Back at the time of the Olympic Games of 1956 in Melbourne, I remember my aunt Nancy telling me excitedly that one of the amazing surprises of their new tool called TV was the fact that it brought swimming races right into your living room, because you could actually watch the swimmers in the pool. Big deal. For me, TV swimming remains the most boring spectator sport that I can imagine, because you can't understand anything apart from the excited words of the commentator. And you simply wait for the times in hundredths of a second. I should be super-excited about the prowess of Laure Manaudou, whose first name sounds like gold in French. The truth is that this mindless love-struck youngster is just as boring as the sport in which she excels. French commentators, with nothing to say about this silent juvenile wonder woman, complained that Laure might have at least inscribed AMOUR rather than LOVE on her left palm.

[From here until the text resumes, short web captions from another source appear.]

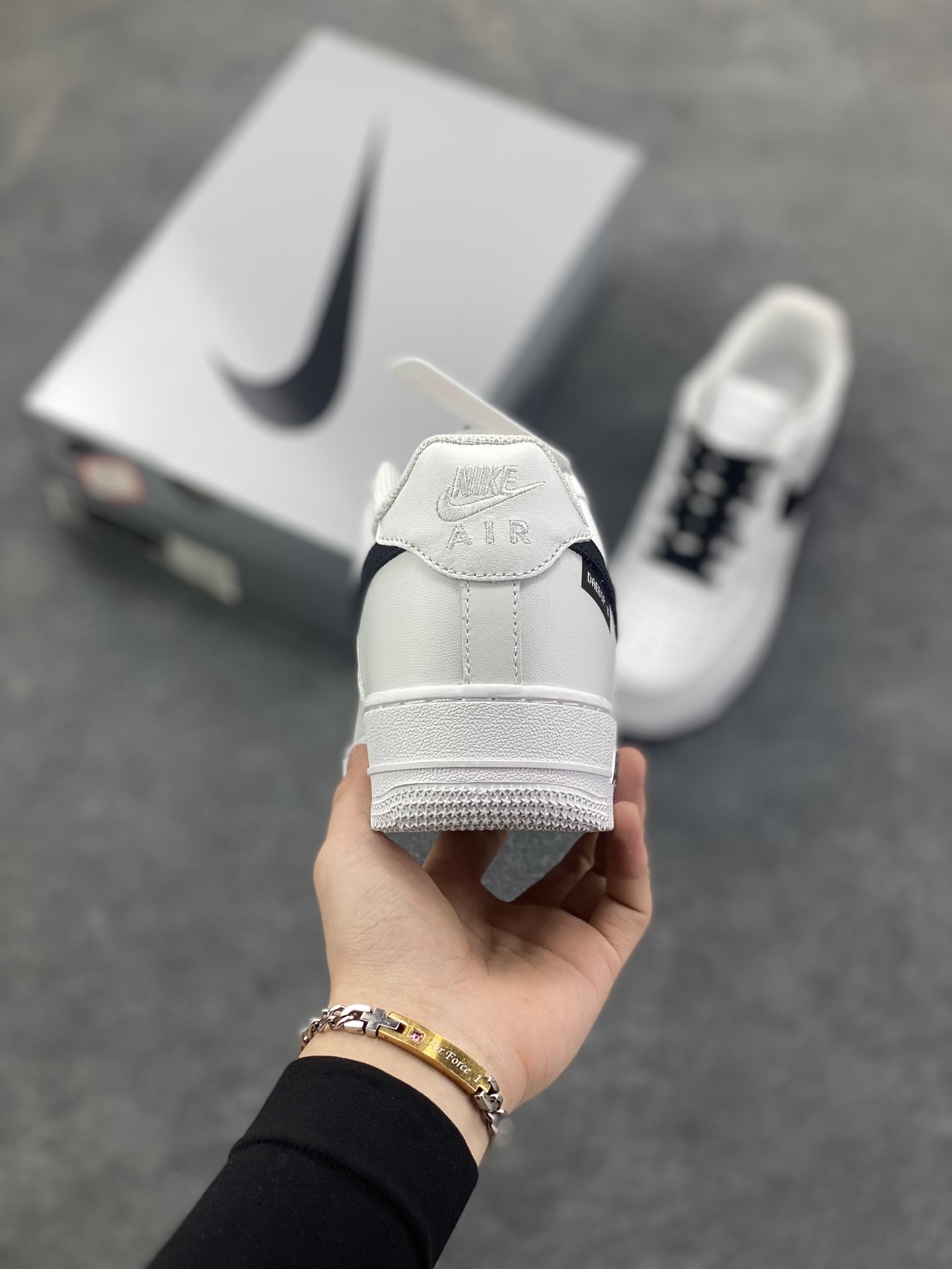 图片[4]-Nike Air Force 1 Low’07 雄途 空军一号低帮休闲板鞋 定制皮料 原厂3D打印 定制鞋盒 原楦原纸板 纯正空军版型 内置全掌气垫 货号：ZH0316-135 尺码：36 36.5 37.5 38 38.5 39 40 40.5 41 42 42.5 43 44 44.5 45-选品中心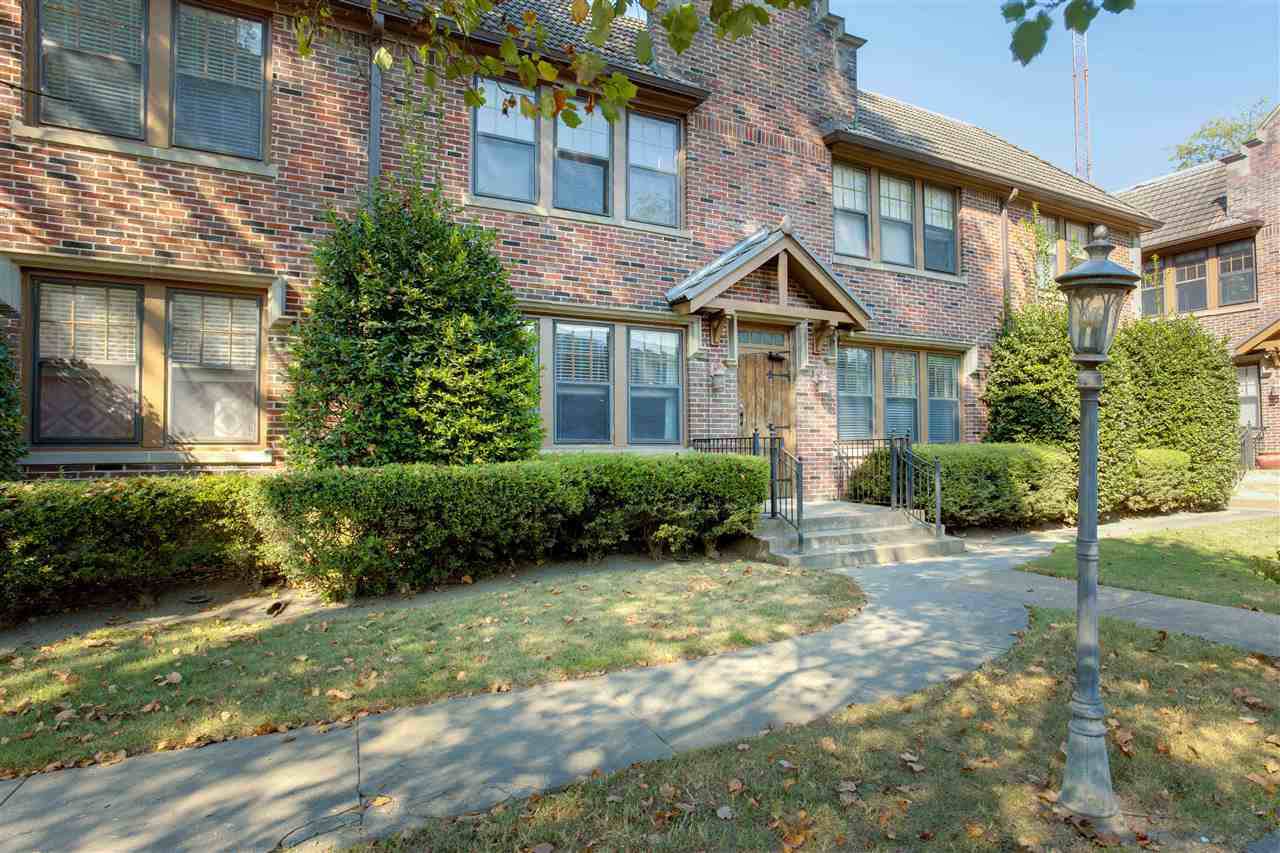 194 Mclean Dr - Photo 1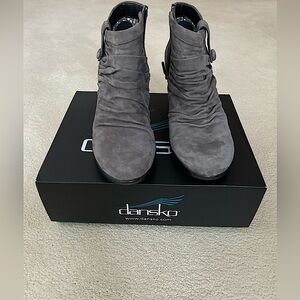 Grey Dansko short boot size 37
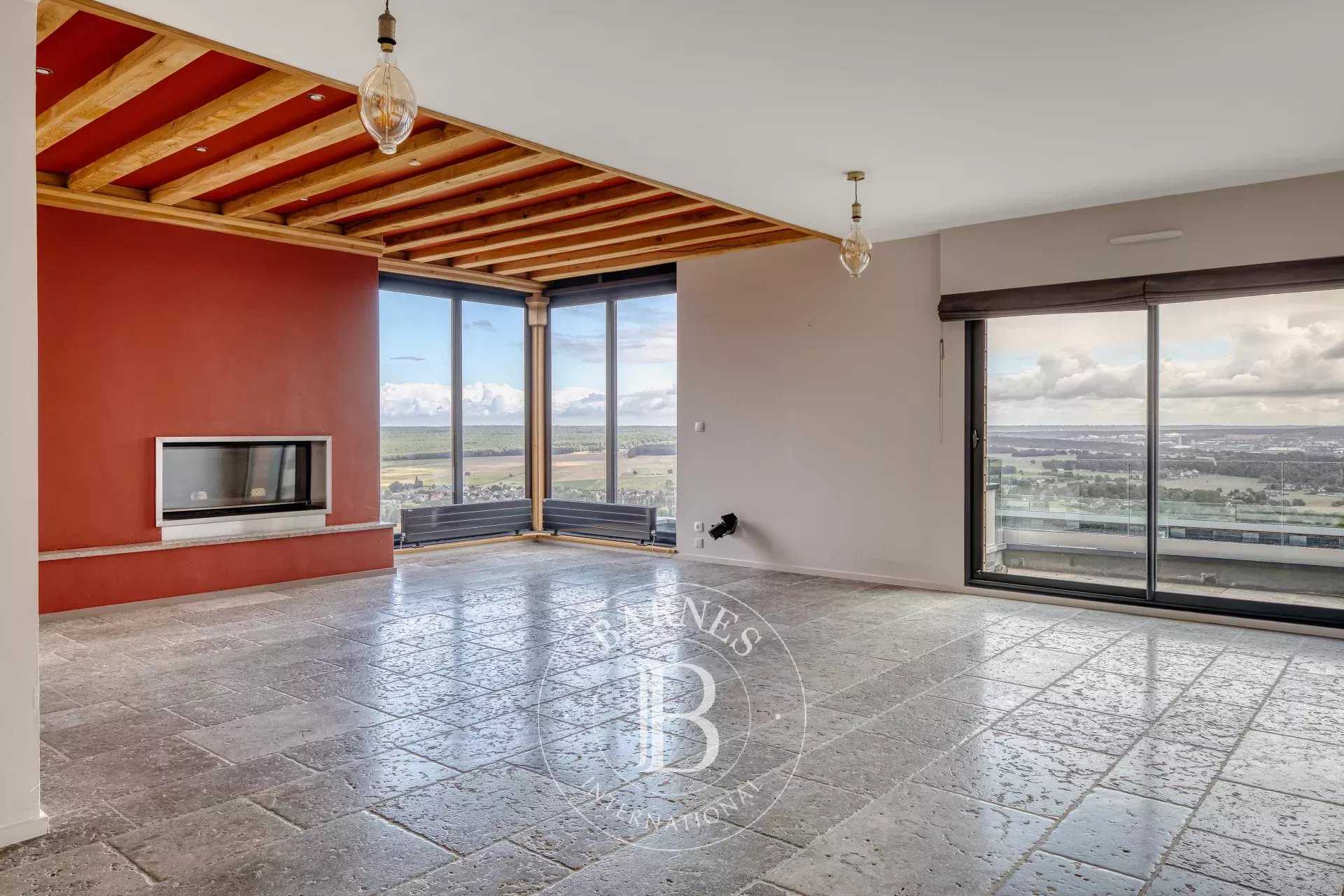 Rouen  - Maison 8 Pi&egrave;ces 5 Chambres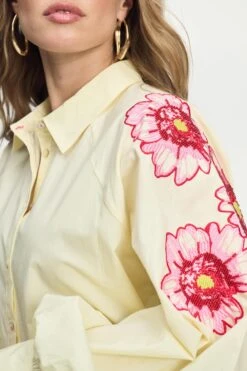 BLOUSE - Lexi Bouquet Cream 11 BLOUSE - Lexi Bouquet Cream -Pom Amsterdam pom amsterdam blouses blouse lexi bouquet cream 1130637045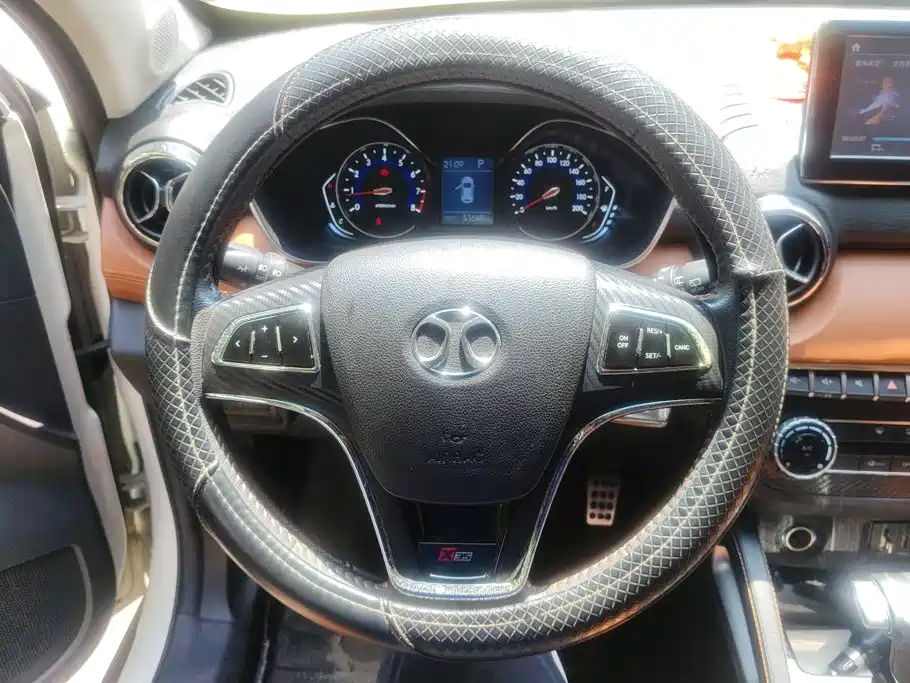 BAIC Senova X35 2016 2016 1.5L Automatic Luxury Edition
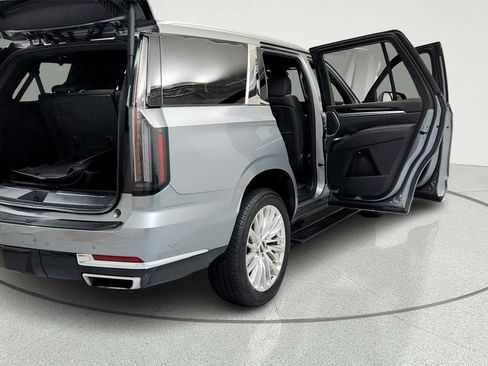 Certified 2025 Cadillac Escalade Premium Luxury w/ Touring Package AWD/4WD image 12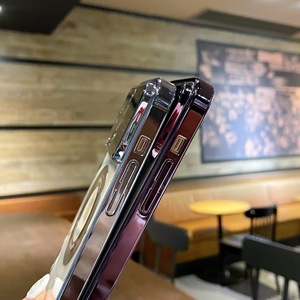 <span class=keywords><strong>2023</strong></span> magnétique TikTop Offre Spéciale grande fenêtre Transparent sans fil charge étui de téléphone pour <span class=keywords><strong>iPhone</strong></span> <span class=keywords><strong>12</strong></span> 13 14 15 acrylique coque de téléphone - Product Image 3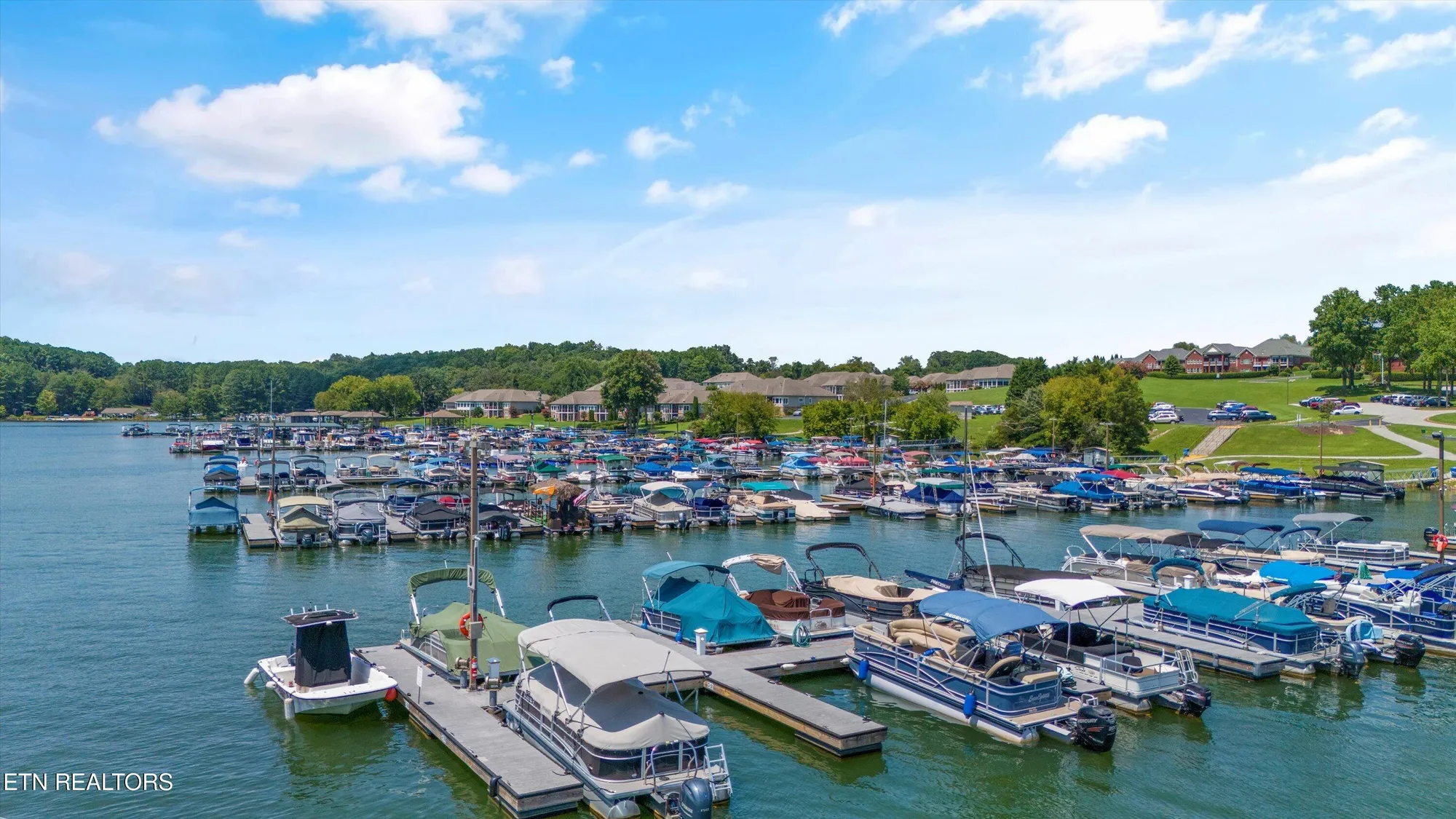 Property Slideshow image 49 of 54 | 302 coweta ct, Loudon, TN, 37774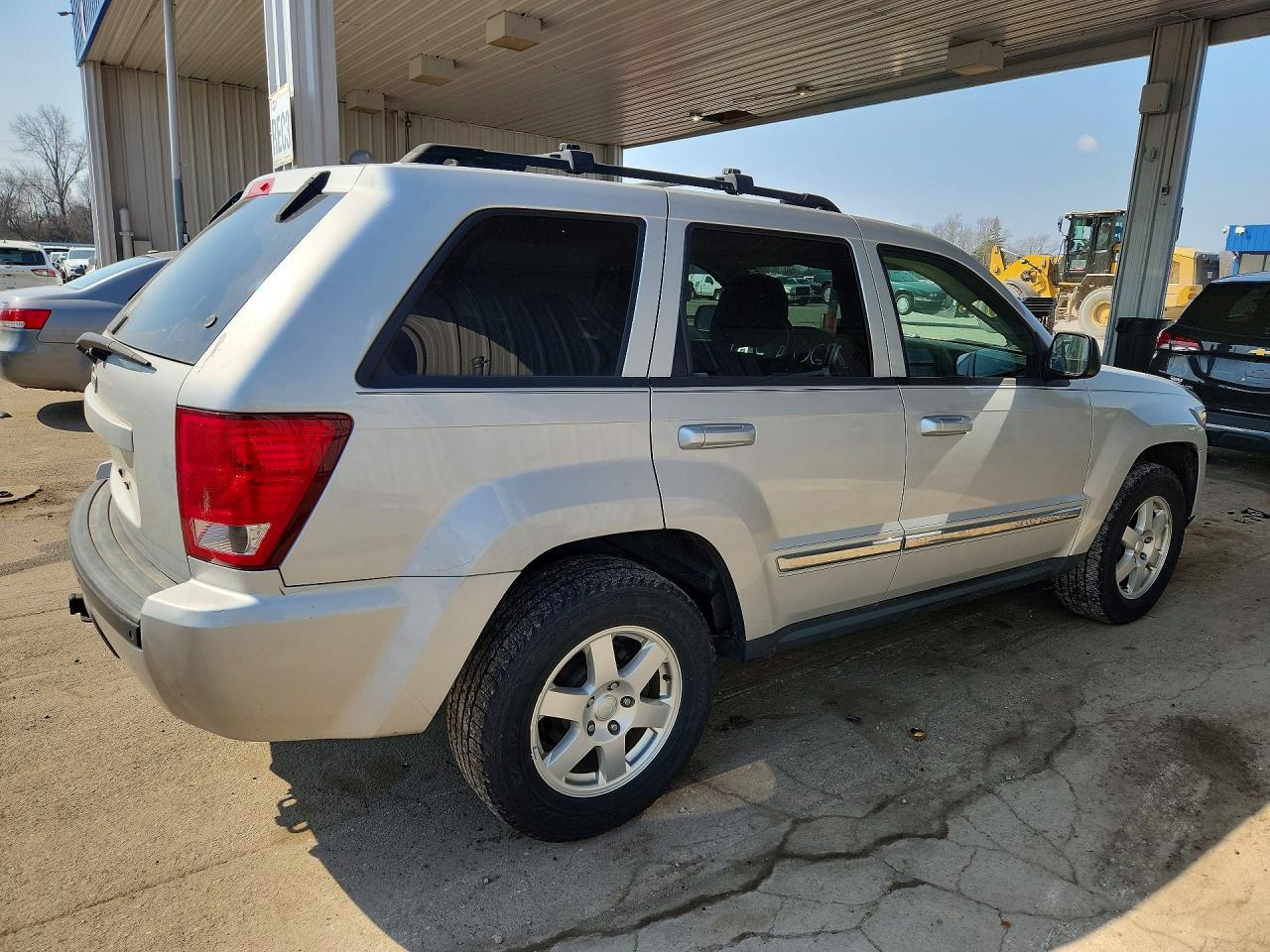 2010 JEEP GRAND CHEROKEE LAREDO photo 3
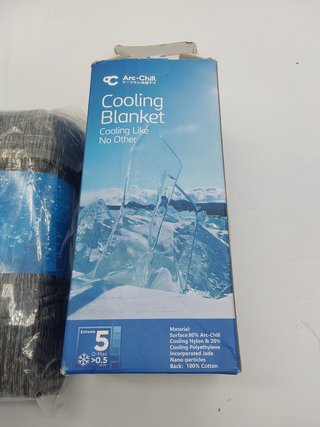 Elegear 150 x 200 cm .Manta Enfriamiento de Verano, Fibra de Enfriamiento Japonesa Q-MAX 0,5 ARC-Chill 3,0, Suave Y Amigable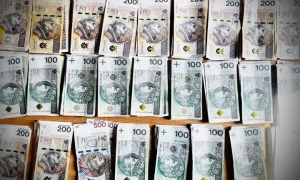 Podszyli się pod policję i odebrali 71 tys. zł. Zatrzymani na gorącym uczynku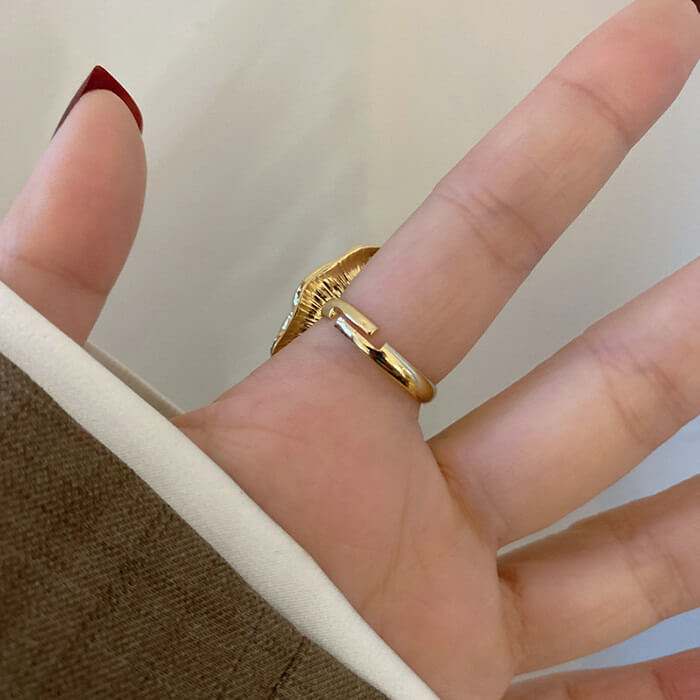 Style Core Aesthetics, New Style Trends - Baroque Aesthetic Pearl Ring Style Core Aesthetics, New Style Trends - Baroque Aesthetic Pearl Ring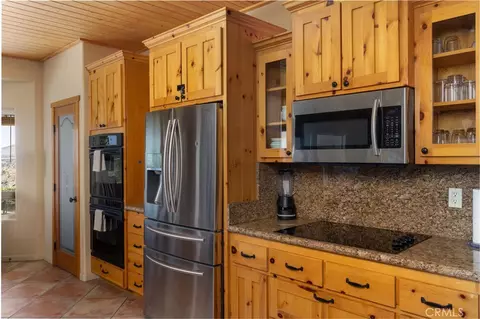 Kitchen - 7559 Rockaway Ave, Yucca Valley, CA 92284 photo 3 of 5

There's an even more boring sporting phenomenon than swimming. It consists of wandering into a Sydney pub, say, on a Saturday around midday and being confronted by dozens of video screens relaying matches of all kinds (rugby, horses, dogs, etc): the object of betting. Last year, shocked by this spectacle, I was tempted to cease considering myself as an Australian. Sport as gambling commerce. It's simply all too boring.

Tuesday, March 20, 2007

Discovery Channel

During the night, a centimeter-thick veil of snow covered everything at Gamone, from flowering shrubs through to my automobile. Apparently most of France has been hit by this cold spell.

Only two days ago, the television showed us Alberto Contador riding along magnificent sun-drenched mountain roads to his victory in the Paris-Nice race. It's amusing to recall that Contador's US employer, Discovery Channel, was in the limelight a few weeks ago because of a happening that had nothing to do with cycling. They're the people who aired the controversial documentary, produced by James Cameron and directed by Simcha Jacobovici, about a tomb near Jerusalem that contained bone boxes labeled Jesus, Mary, etc.

I don't know what the Spaniard Alberto Contador thinks about Discovery Channel's version of the Jesus story. Three years ago, he had a terrible fall in the Tour of the Asturias. With his jaws shattered, and suddenly racked by convulsions, 21-year-old Contador was taken to hospital in a critical state, and many observers, including fellow cyclists, feared that he might not survive. So, in Christian terms, Contador's brilliant performance in Paris-Nice on Sunday might be thought of as a miracle, a resurrection.

Sunday, March 18, 2007

Rugby victory for France

For many French TV viewers, yesterday was a busy day. First, at the start of the afternoon, there was the second-last stage of the Paris-Nice cycling race. Then there was a grueling series of three major rugby matches. Personally, I decided to turn the TV off and drive to St Marcellin to buy some plants: a flowering shrub and strawberries.

So, it wasn't until much later in the day that I learned that France had thrashed Scotland, and that England had failed to beat Wales. It's encouraging that France, as host nation of the forthcoming World Cup, has at least emerged victorious from the European six-nations tournament.